Humain trop humain

Dans la totalité des espaces du Magasin l'artiste Adel Abdessemed dessine à partir de son vécu, un parcours énigmatique, Drawing for Human park, sur les horreurs du monde. SD


Adel Abdessemed, artiste à fleur de peau, justement réactif à toute forme d'oppression, pose à travers des “actes”, pièces radicales et liées entre elles, la question des violences. Violences générées par les politiques, les identités culturelles ou spirituelles, religieuses, les nationalismes, les a priori, préjugés, libéralisme vorace, et tout ce qui peut rendre l'humain moins libre. La violence est là, diffuse sans dénonciations frontales ; elle est détournée, Abdessemed jouant avec les mots, les symboles, frôlant la satire, le dérisoire. Dire le monde, s'y “mêler” (selon ses termes) toujours, pour cet artiste de 36 ans, Kabyle né en Algérie, très philosophe, nourri de littérature et de musique contemporaine. Il écrit un univers non formaté, où la puissance de transgression se décline dans des gestes quelques fois arides mais où le sens est le seul souci. Loin de tout esthétisme.
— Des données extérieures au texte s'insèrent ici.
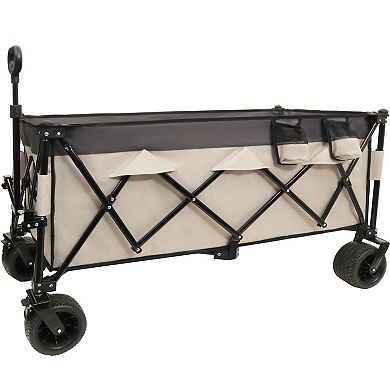 LOVMOR 51inch Foldable Utility Wagon 480lbs 7 All-Terrain Wheels No Assembly Khaki Gray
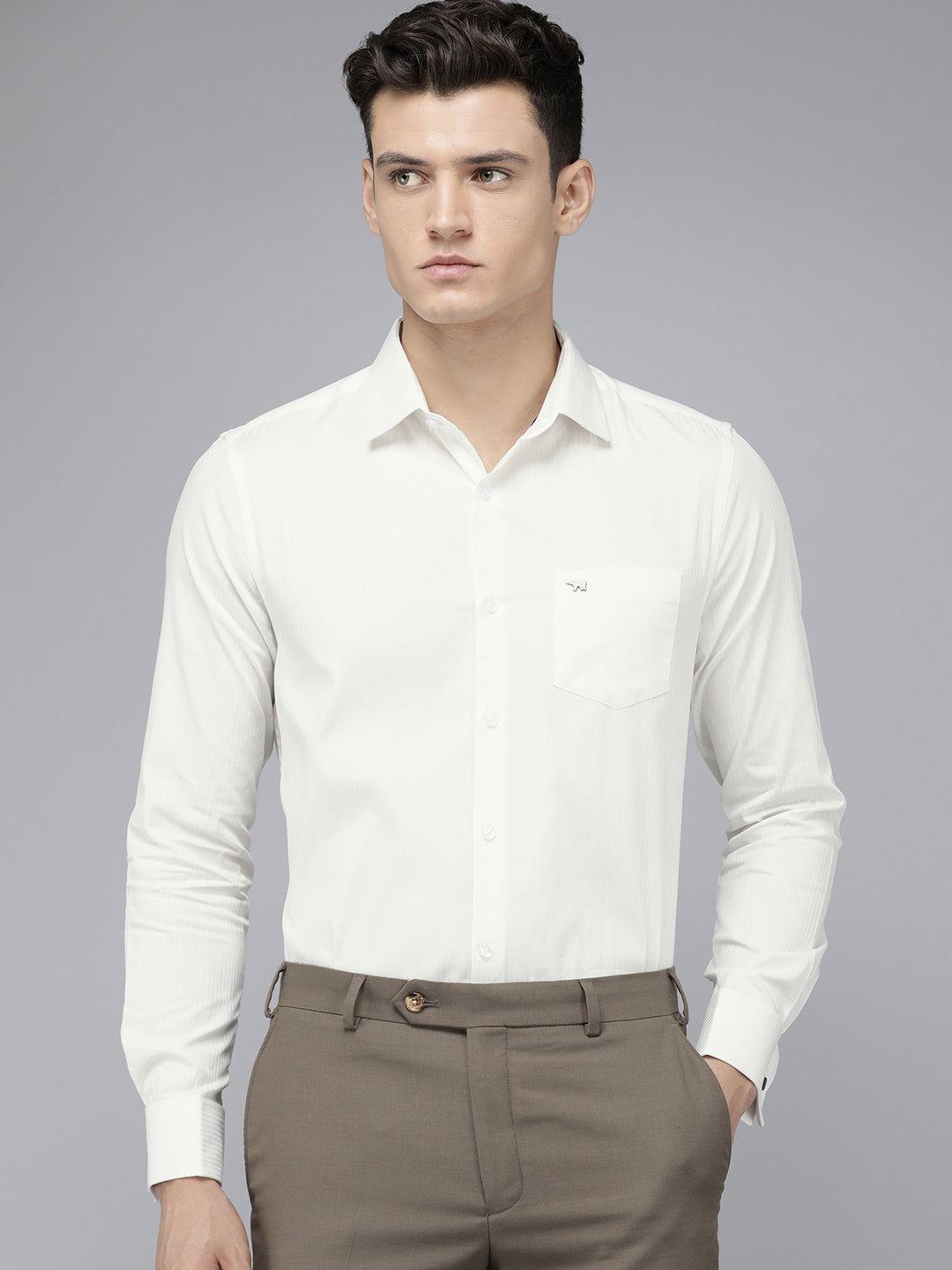 Kurgan - Men White Self Design Slim Fit Formal Shirt with French Cuff | The Bear House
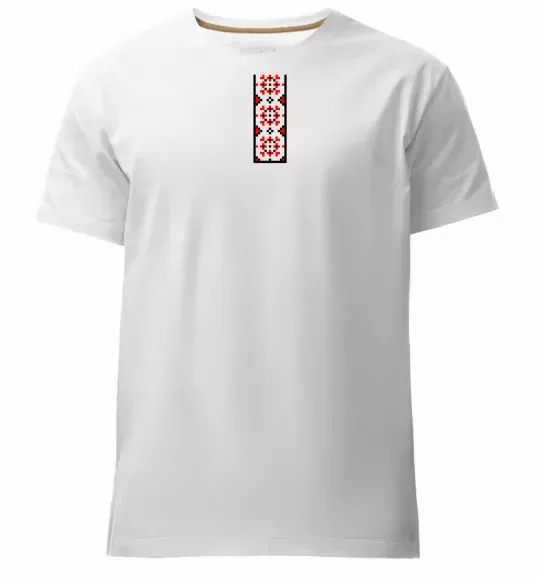 Мужская премиум футболка Український орнамент вишиванка ВИШИВКА Белый фото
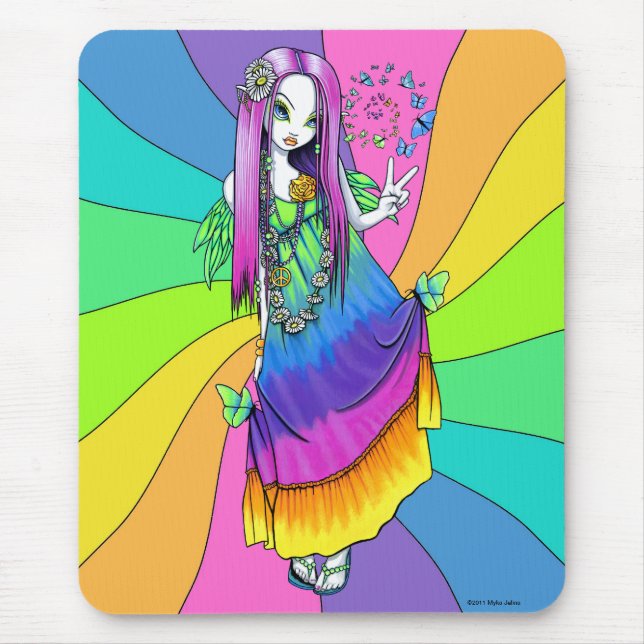 "Chloe" Rainbow Peace Hippie Fairy Mousepad (Front)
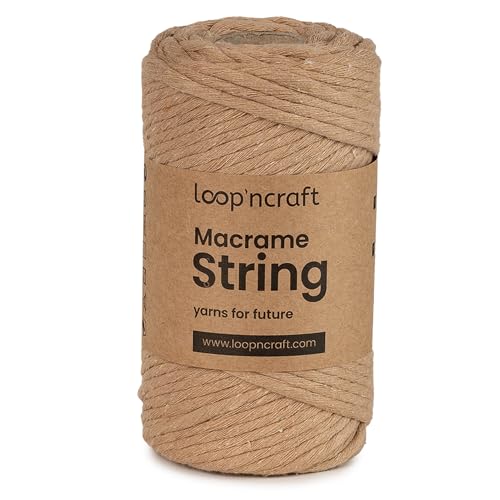 Makramee Garn Beige Farbe, Loopncraft, 4mm - 74m, Einstrangig Natur Baumwollkordel, Recycling Garn von Loopncraft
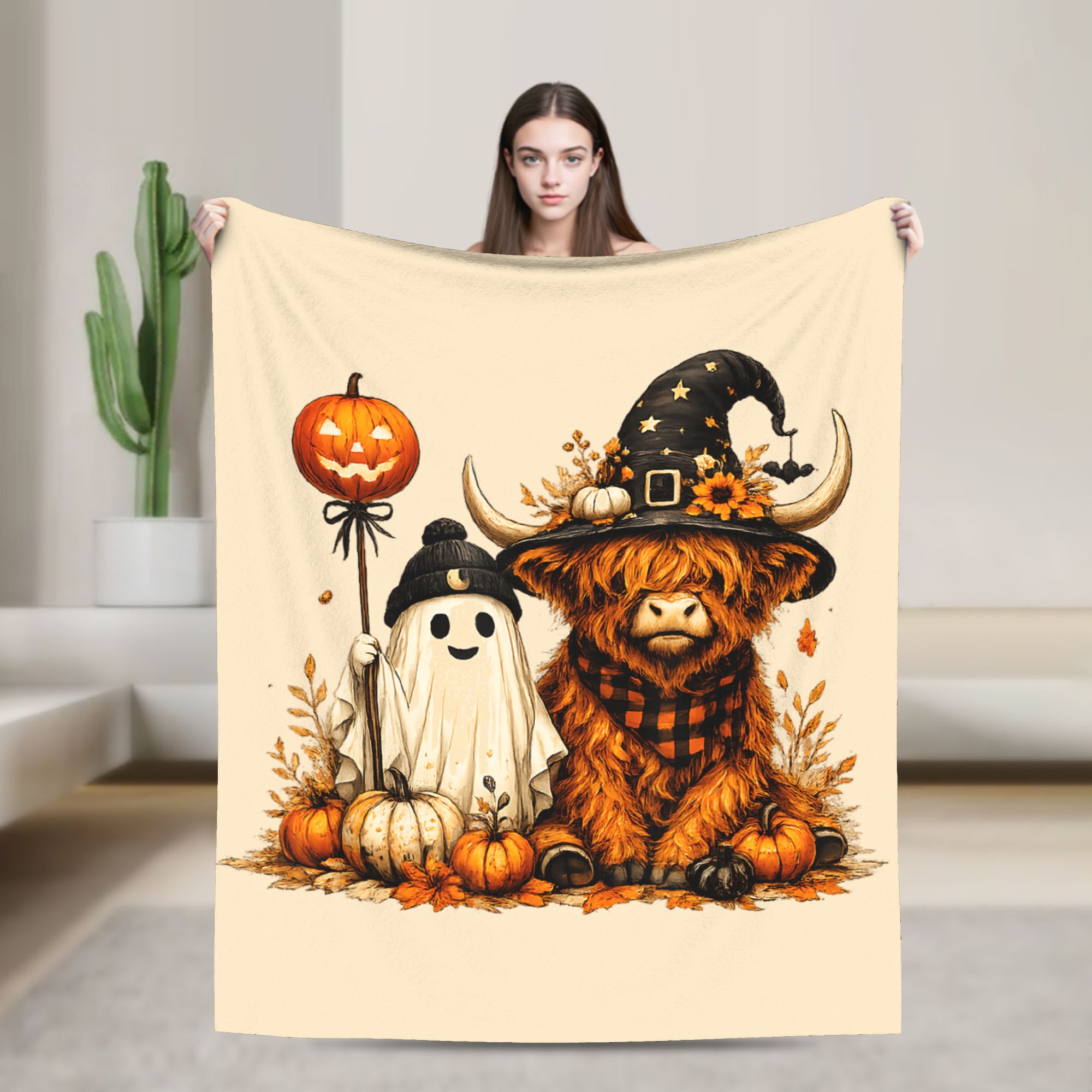 Highland Home Textiles - Halloween Highland Cow Decken, gruselige Herbst-Flanelldecken,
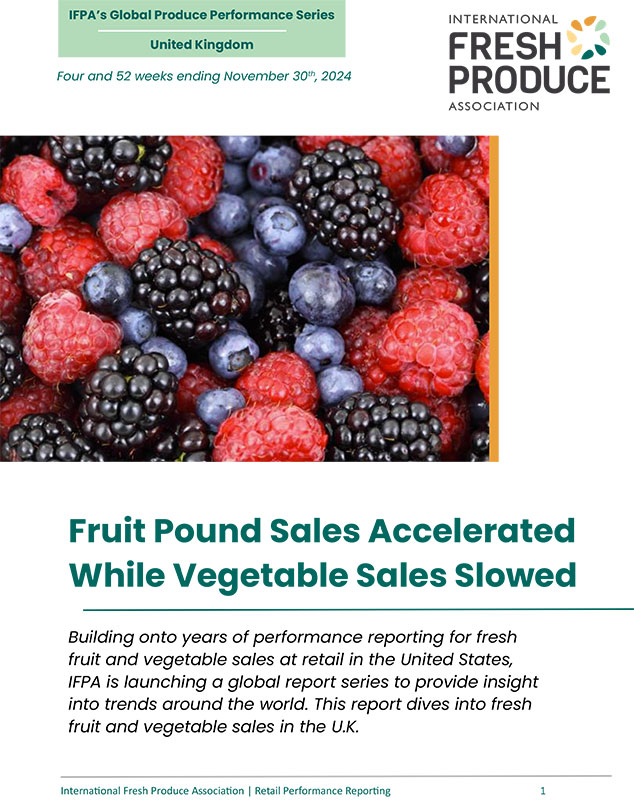 Report cover featuring berries with a title on global produce sales trends in the U.K.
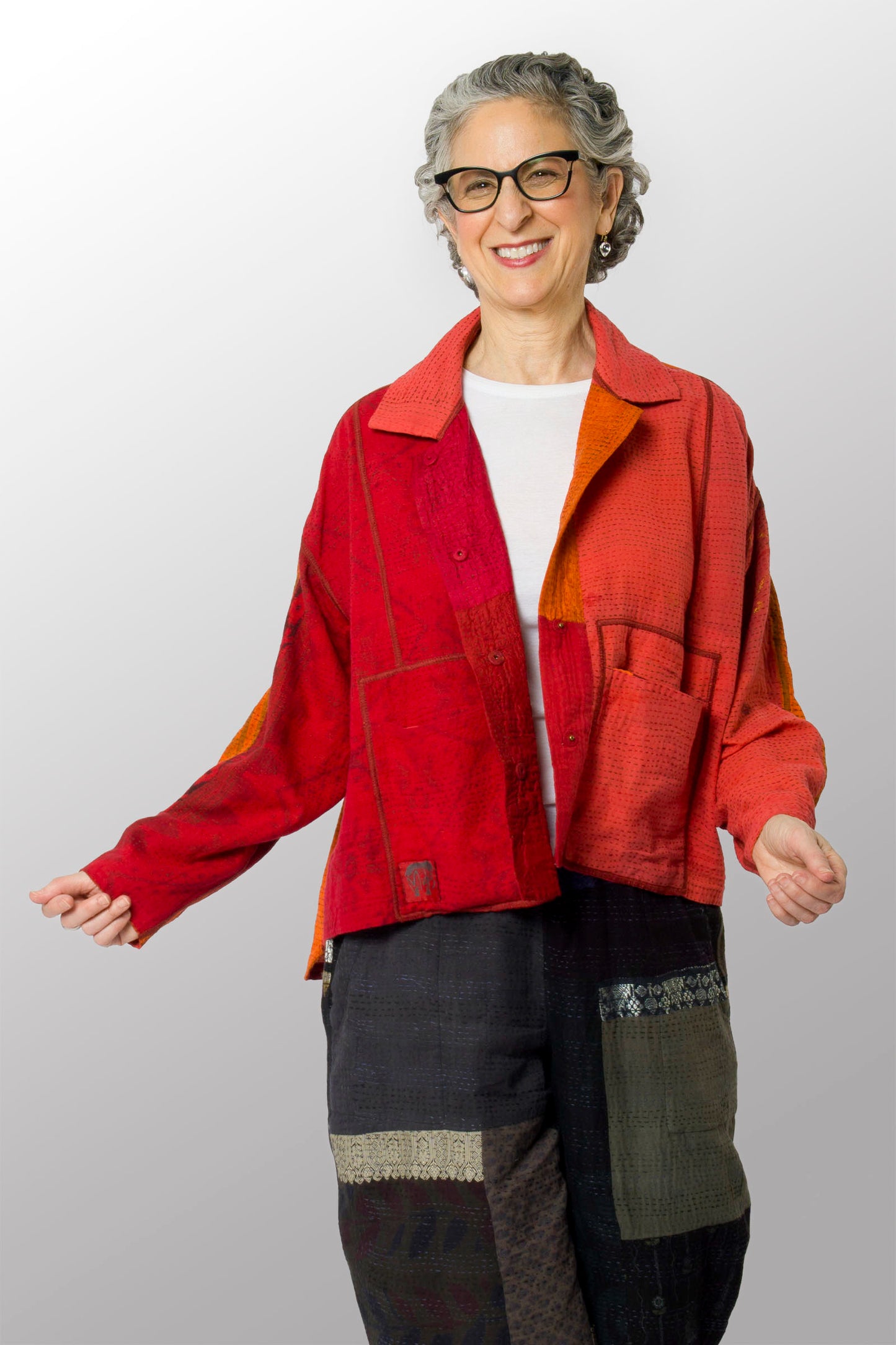 COTTON SILK SW PATCH OMBRE KANTHA CROPPED SHIRT JACKET - wo2075-org -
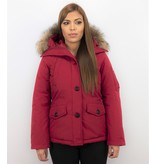 TheBrand Parkas Mujer - Señora Abrigos De Invierno Corto - Capucha pelo grande - Rojo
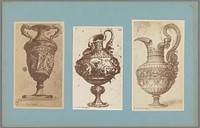 Drie fotoreproducties van tekeningen van vazen (c. 1875 - c. 1900) by anonymous, Polidoro da Caravaggio and Antonio Gentile da Faenza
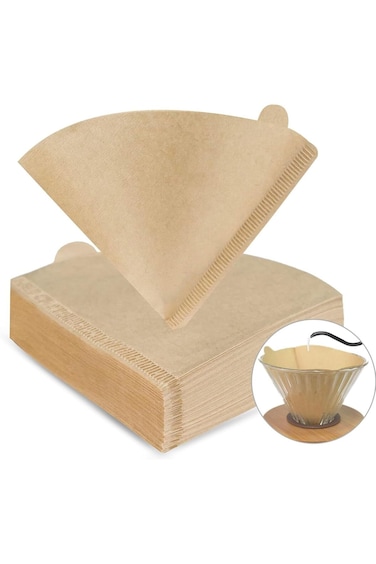 Tazweeq Coffee Filters, 100Pcs V60 Cone Paper, Unbleached, Compatible With Pour Over Drippers 2-4 C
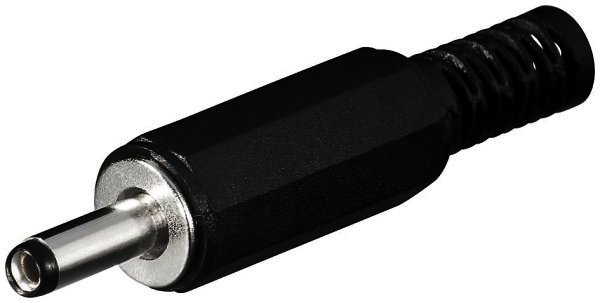 DC-Stecker mit Knickschutz Bohrung 1,3 x 3,4 mm - Schaftlänge: 9,0 mm für Walkman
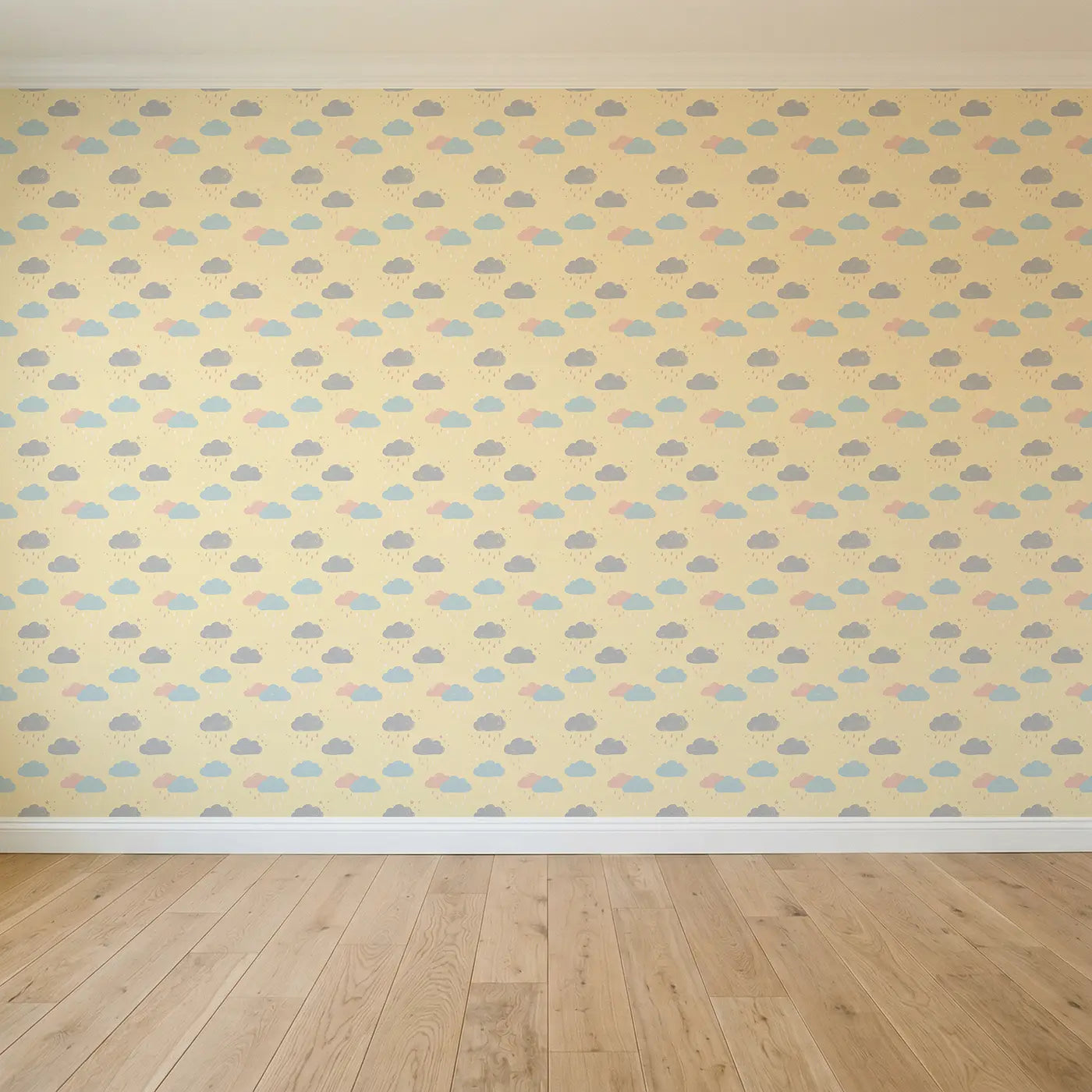 Rain Clouds Gentle Modern Illustration seamless wallpaper full pattern - Whimsy Tots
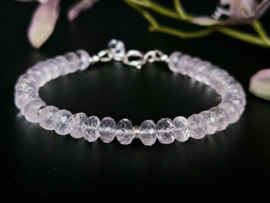 Rozenkwarts kralen armband, leverbaar 14k goldfilled - 925 sterling zilver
À travers un ensemble de pièces - à une exception près - entièrement produites pour le Magasin, on reçoit une déflagration de liberté et d'énigmes à la vision de Drawing for human Park.

Also sprach

Adel Adel Abdessemed semble mettre l'accent sur la perte de la place qui incombe à l'humain, bouffé par un monde globalisé. Dans une première vidéo, l'artiste “impliqué”, est attaché par les pieds à un hélicoptère. Son corps soumis au vents et mouvements de l'engin, tel un animal humain prisonnier de la machine, dessine des sortes de cratères, déflagrations bousculant les perceptions. Dans une autre salle, ces spirales sur bois encadrent Telle mère, tel fils, des carcasses d'avions tressées, ou sorte d'avion-serpent qui se mord la queue. Tôles polluantes de la modernité, cette installation évoque aussi le voyage vers sa mère, femme proche de la terre, « première altermondialiste après Dostoïevski ». Les coups de marteaux pleuvent sur des animaux, dans les vidéos Don't Trust me. Soit l'animal, mais plus largement l'être vivant soumis meurtri sacrifié par les croyances. Vidéos, comme un échos à l'homme-gorille (une photographie) qui passe la bague au doigt à une mariée apeurée - domination masculine ?. L'environnement sonore transfigure la réalité : rythmes répétitifs des coups de marteaux se mêlent à l'éructation d'un chanteur d'opéra aux dents de vampire – le grand capital pompant les vies. Trust me est une vidéo brute : en arrière plan un paysage urbain trop commun – terrain vague et immeuble démoli – l'homme-monstre devant déclame une litanie monstrueuse faite d'hymnes nationaux compressés. Une performance vocale et expressive puissante sur les bêtises des nationalismes. Une autre vidéo montre la réalisation de Also sprach Allah, un tapis derrière un plexiglas sur lequel est écrit cette phrase du poème de Nietzsche ; le prénom pourrait être remplacé par n'importe lequel, comme si la parole humaine, loin des idoles et des dieux était négligée. Au sortir un immense cercueil noir, Messieurs les Volontaristes, un trou béant pour y glisser l'humanité. Une mise à nu pour dire le pire du monde, mais aussi une incitation à vivre libre, à se libérer.